In recent years, with the rise of various smart devices, the demand for a miniaturized camera optical lens has gradually increased, and since the pixel size of the optical sensor is reduced, and the current electronic product tend to be light weight, thin and portable, the miniaturized camera optical lens with good imaging quality has become the mainstream of the current market. In order to obtain better imaging quality, a multi-lens structure is mostly used. In addition, with the development of technology and the increase of diversified requirements of users, under the condition that the pixel area of the optical sensor is continuously reduced and the requirements on the imaging quality of the system are continuously improved, the structure with seven lenses gradually appears in the lens design.
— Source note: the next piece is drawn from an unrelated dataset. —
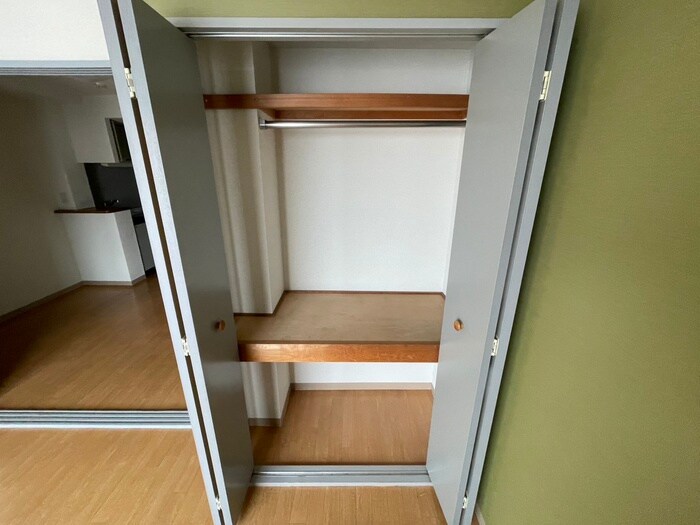 物件内観写真12　(収納)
There is an urgent need for a wide-angle camera lenses and a lens assembly having excellent optical characteristics with good processability and sufficiently corrected aberrations.

In view of the above problems, an object of the present disclosure is to provide a camera optical lens, which has good optical performance and meets design requirements of small aberration, high image quality, good processability and convenient adjustment of later image distortion.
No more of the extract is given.